The Vía Universitaria report warns about entrance inequalities and reclaims equity, gender and well-being politics for their students
- Press Office
- May 6th, 2025

In the conclusions of the study they outline that economic preassure difficults the University experience of students; that remote university is consolidated and has become a model with its own identity; and that the gender breach continues to be present in the rooms: bias in the choosing of studies, inequality in the use of time and differentiated expectatives.
The Vives Network has presented the results of the report Via Universitària: Access, learning conditions, expectative and returns from the university studies (2023-2025), a study of reference in the superior educational field. With the participation of more than 45.000 students from the 20 universities and 1.700 titles from the País Valencià, Cataluña, las Islas Baleares and Andorra, the report offers a detailed radiography of the current university experience: from life conditions and the organisation of studies, to cultural habits, emotional well-being and professional expectative. This is the forth edition and it consolidates Vía Universitaria as one of the widest and rigorous surveys from the European university system, and puts data to the service of consideration and formulation of public policies for a more fair, inclusive and connected university with the reality of our students. The scientific leader of the study is formed by the Sociology full university professor from the Universitat de València, Antonio Ariño y Ramon Llopis; the Education Theory full university professor from the University of Barcelona, Miquel Martínez, and by the Economics proffessor of this same university Ernest Pons.

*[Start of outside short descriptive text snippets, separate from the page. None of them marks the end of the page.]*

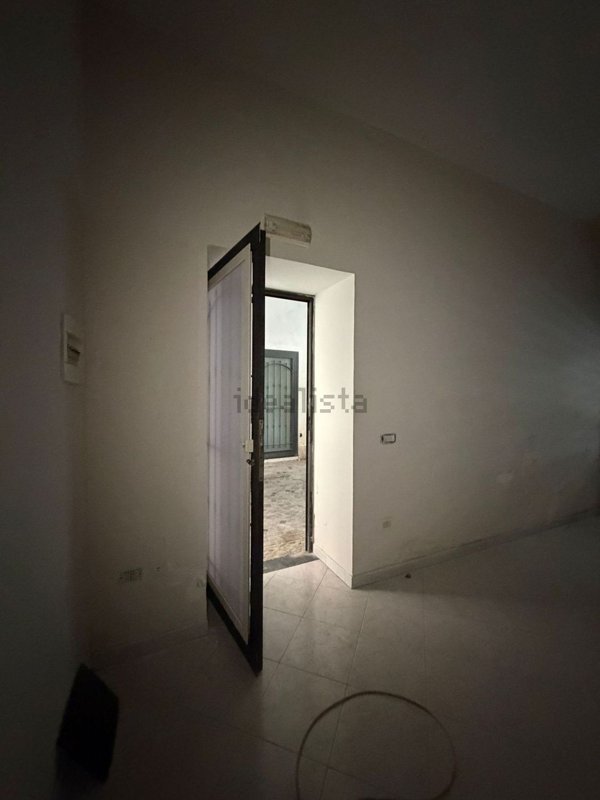 locale commerciale in affitto a Nola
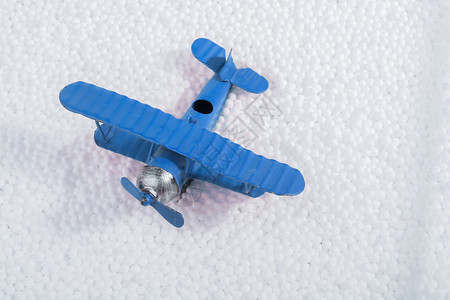 迷你蓝色飞机模型高清图片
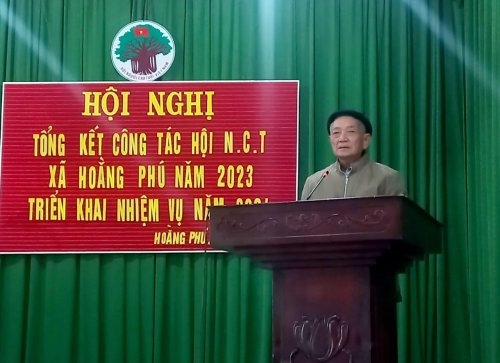 5. Đc Lê Viết Cường chi hội trưởng NCT thôn Trịnh thôn phát biểu ý kiến.jpg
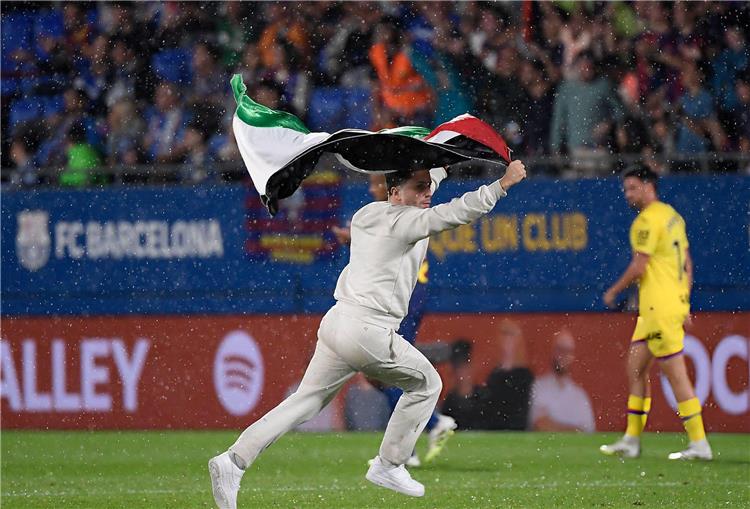 مشجع يحمل علم فلسطين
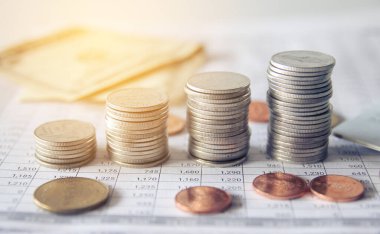 Para ve para yığını. Masada para var.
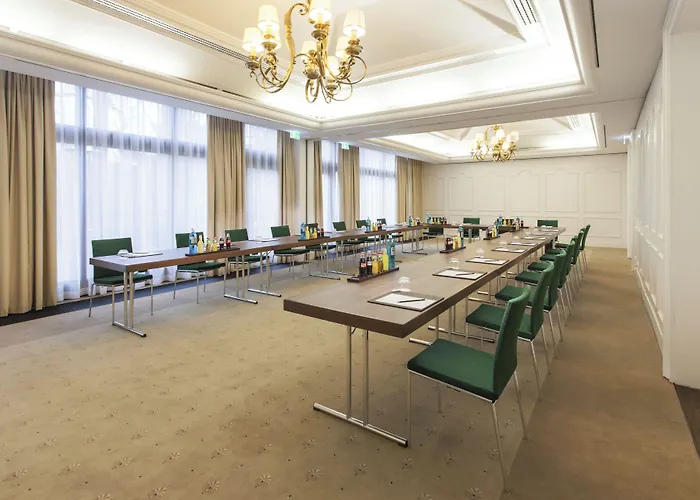 Hilton Frankfurt Gravenbruch 4*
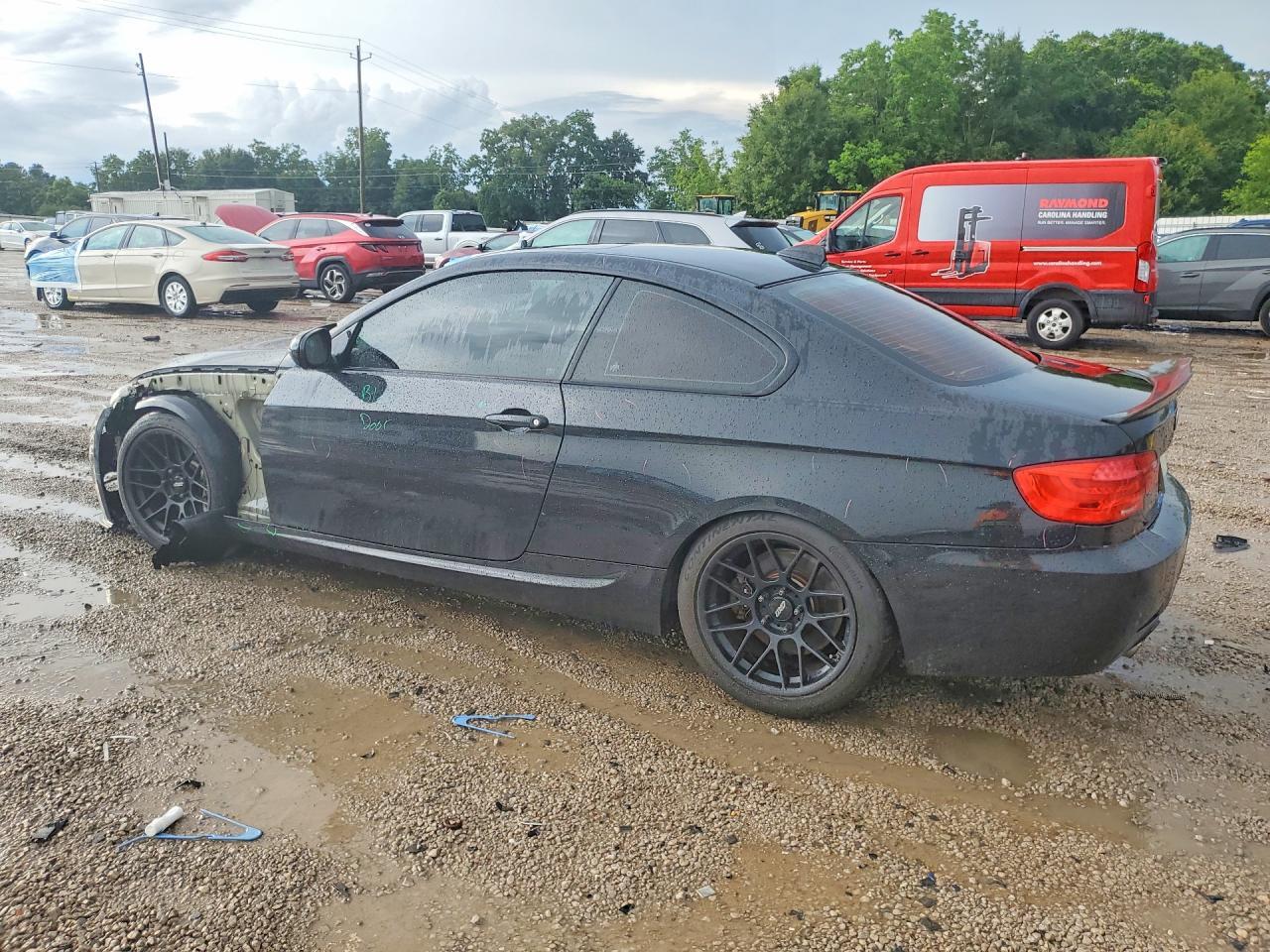2011 BMW 335 Is - Image 2
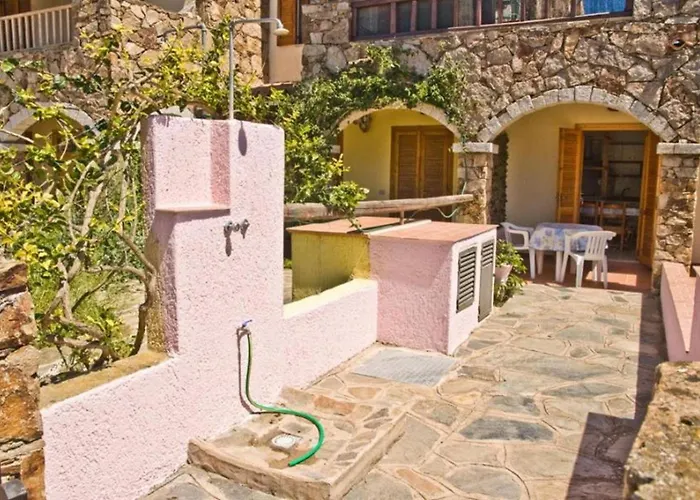 アパートホテル Ottiolu Vecchio Pozzo 3*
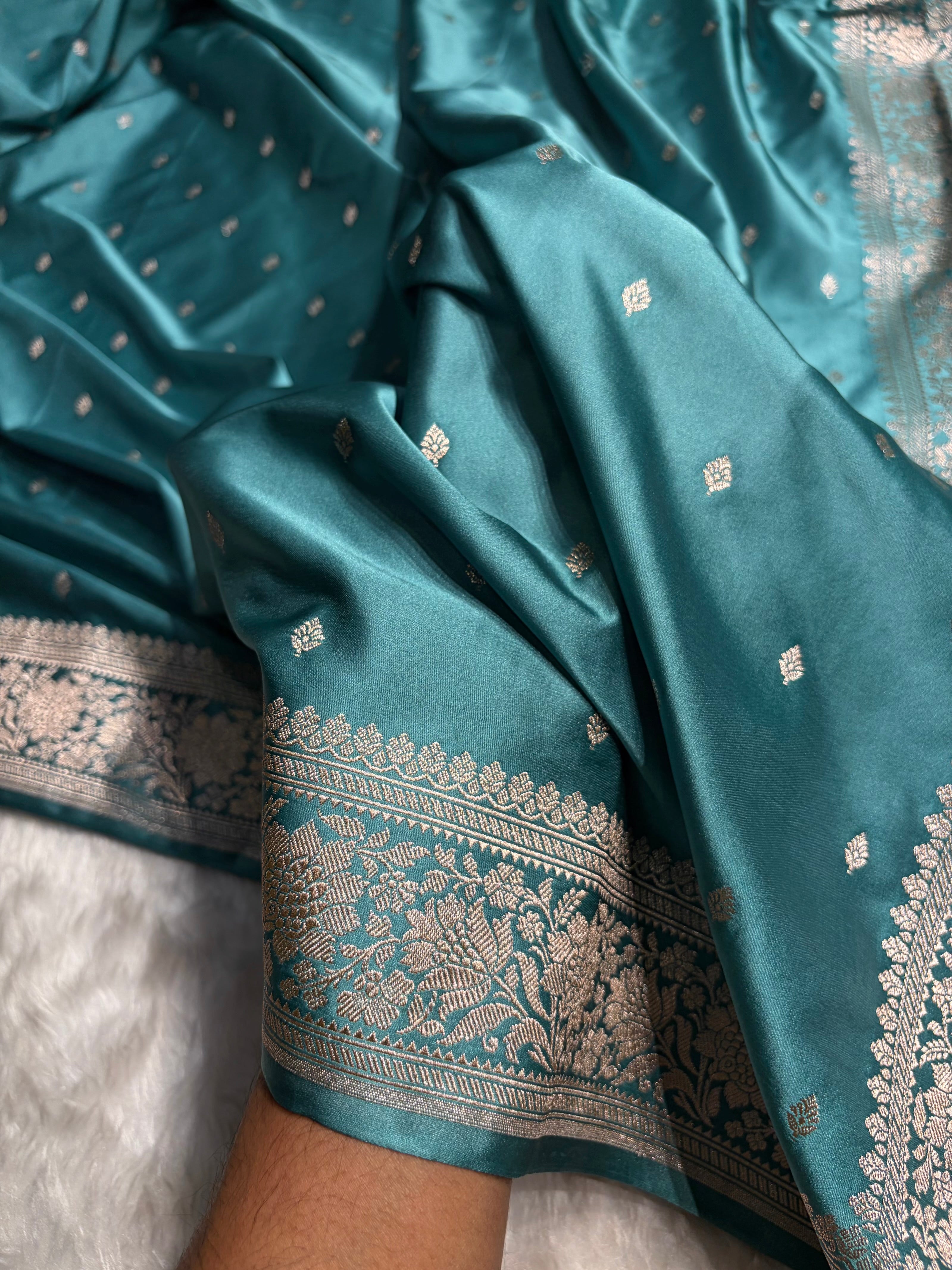 Sea Green Shades Border Booti Mashru Silk Saree MS77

Social, equity and unequal access origin
The report reveals that the social origin continues being a determinant factor to access and choose university studies. High social class represents the 63% of the undergraduate students and the 61% of the master's degree, numbers that show a university system that is still far from equity. What’s more, students from families with less formative level are concentred in areas such as Social Sciences, Humanities and Health, and they usually suffer complex or interrupted academic trajectories for economical issues.
Economic pressure, a constant for university experience
The funding of university studies depends fundamentally in the families, that cover around the 50% of total costs. Grants only represent the 13,9% of deposits, and work during the year gains weight (22,2%). As for the access to housing, results show how access to university doesn’t entail an emancipation of the parental house. This way, 6 out of 10 students are still living in their parents or relatives’ house during their university period. It also has been identified an increase on the shared rents compared to earlier editions (26,4%). These data questions the redistributive capacity of the university system and reinforces the dependence on the socioeconomic comeback, as well as the current tensions in the real-estate market.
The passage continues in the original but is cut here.